Esta dialéctica implicaría la introducción de una diferencia en un discurso dado por la utilización de
las imágenes. Y su construcción transcendental, fundamental como condición de posibilidad
vendría a dar respuesta a la pregunta que marca el inicio de la sesión del día de hoy ¿qué ocurre con
la imagen cuando entra en contacto con el real? ¿ofrece ella acaso, una unívoca verdad de esa
realidad? Lo que fabrica el montaje, consistiría precisamente en la producción de heterogeneidades
para dis-poner la verdad en un orden que no es precisamente el orden de las razones, la secuencia
lógica que nos permite o posibilita la respuesta a la pregunta de un por qué, sino que su disposición
sería la posición de las correspondencias, de las afinidades electivas en un sentido benjaminiano, de
los desgarros, o incluso de las atracciones, pensando en Eisenstein. La exposición de un hecho, un
acontecimiento desorganizando y no explicado, como bien señala Didi-Huberman, residiría en la
exposición fugaz de elementos singulares.
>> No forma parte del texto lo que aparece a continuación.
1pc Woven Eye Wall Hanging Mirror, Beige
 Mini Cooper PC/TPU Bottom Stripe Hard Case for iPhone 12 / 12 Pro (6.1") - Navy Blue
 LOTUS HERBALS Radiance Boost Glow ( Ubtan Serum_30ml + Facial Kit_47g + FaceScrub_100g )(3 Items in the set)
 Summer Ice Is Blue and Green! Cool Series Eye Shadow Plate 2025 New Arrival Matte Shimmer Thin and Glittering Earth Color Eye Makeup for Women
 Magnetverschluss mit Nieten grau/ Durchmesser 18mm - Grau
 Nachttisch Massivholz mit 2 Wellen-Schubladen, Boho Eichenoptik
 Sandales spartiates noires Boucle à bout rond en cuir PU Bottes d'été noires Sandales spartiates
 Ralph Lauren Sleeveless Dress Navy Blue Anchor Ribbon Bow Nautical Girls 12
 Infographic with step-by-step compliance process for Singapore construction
El montaje ofrece todos su lugar a las contradicciones no
resueltas, a las velocidades de aparición y a las discontinuidades, no dispone las cosas más que para
poner en contraste su intrínseca vocación de desorden y en este sentido el juego que plantea el
montaje consistiría precisamente en la de restituir a pesar de todo algo del mundo real. La
construcción de imágenes mediante la dislocación de su orden y el desmembramiento
representacional, implicaría la invención de nuevas estrategias en los mecanismo de ver y hacer
visible. Practicar una grieta, una fisura, inventar, afirmar una forma, hender la representación y abrir
ahí una brecha, un espacio para nuevas posibilidades o legibilidades, implica desde ya, Tomar
Posición.
Quisiera, en este sentido, dar paso legible a la comprensión del montaje en tanto que la producción
de quiebres, de dislocaciones, la de colar y fragmentar y poner así, una imagen que toque lo real.
Uno de los grandes referentes que analizamos en la primera sesión de este curso, fue Harun Farocki,
específicamente el film Fuego Inextinguible, donde pone como imagen sustitutiva del Napalm una
quemadura de cigarrillo: Sobre la mano izquierda de Farocki que reposa sobre la mesa, su mano
derecha sale de campo y vuelve a entrar con un cigarrillo encendido que aplasta calmadamente
sobre su brazo izquierdo, al igual distancia de su codo y su puño (entre uno y otro plano pasan 3,5
segundos). La voz en off del narrador señala: Un cigarrillo arde a 400 grados, el napalm arde a
3.000 grados. En este film, Farocki nos presenta una suerte de aporía para el pensamiento; más
concretamente una aporía para el pensamiento de la imagen. Ahora bien, para la comprensión de
montaje en Harun Farocki, especial atención debemos poner al Film Imágenes del Mundo Epitafios
de Guerra, donde el trabajo del montaje aparece como una operación doble –no sintética– de
hendidura y de lazo, de separación y de continuidad. La voz en off dice: “El 4 de abril de 1944, el
cielo estaba despejado. Antes, los chaparrones habían abatido al polvo. Aviones americanos habían
despegado de Foggia (Italia) y se dirigían hacia sus objetivos en Silesia –fábricas de carburante y
caucho sintético (buna). Un piloto que sobrevolaba las obras de las usinas IG-Farben sacó su
cámara y fotografió el campo de concentración de Auschwitz. La primera imagen de Auschwitz,
tomada a 7.000 metros de altura. Estas imágenes de abril de 1944 en Silesia llegaron para su
evaluación a Medmanham, Inglaterra. Los que analizaron las fotografías identificaron una central
eléctrica, una fábrica de carburos, una fábrica de buna en construcción y otra de hidrogenación de
carburos. No tenían la orden de buscar el campo de Auschwitz y, por lo tanto, no lo encontraron”.
Ellos buscaban fábricas de producción y las encontraron fácilmente. Pero fueron incapaces de ver la
fábrica de destrucción, mucho más grande, que se encontraba justo al lado, en el campo de sus
imágenes aéreas. La realidad estaba sin embargo ahí, bajo sus ojos, registrada por un dispositivo
técnico que les mostraba claramente aquello que ellos no querían mirar. Primer hendidura que el
montaje de Farocki –imágenes y palabras juntas– vuelve visible a nuestros propios ojos. La imagen
dialéctica se vuelve paradoja de visibilidad y de aparición.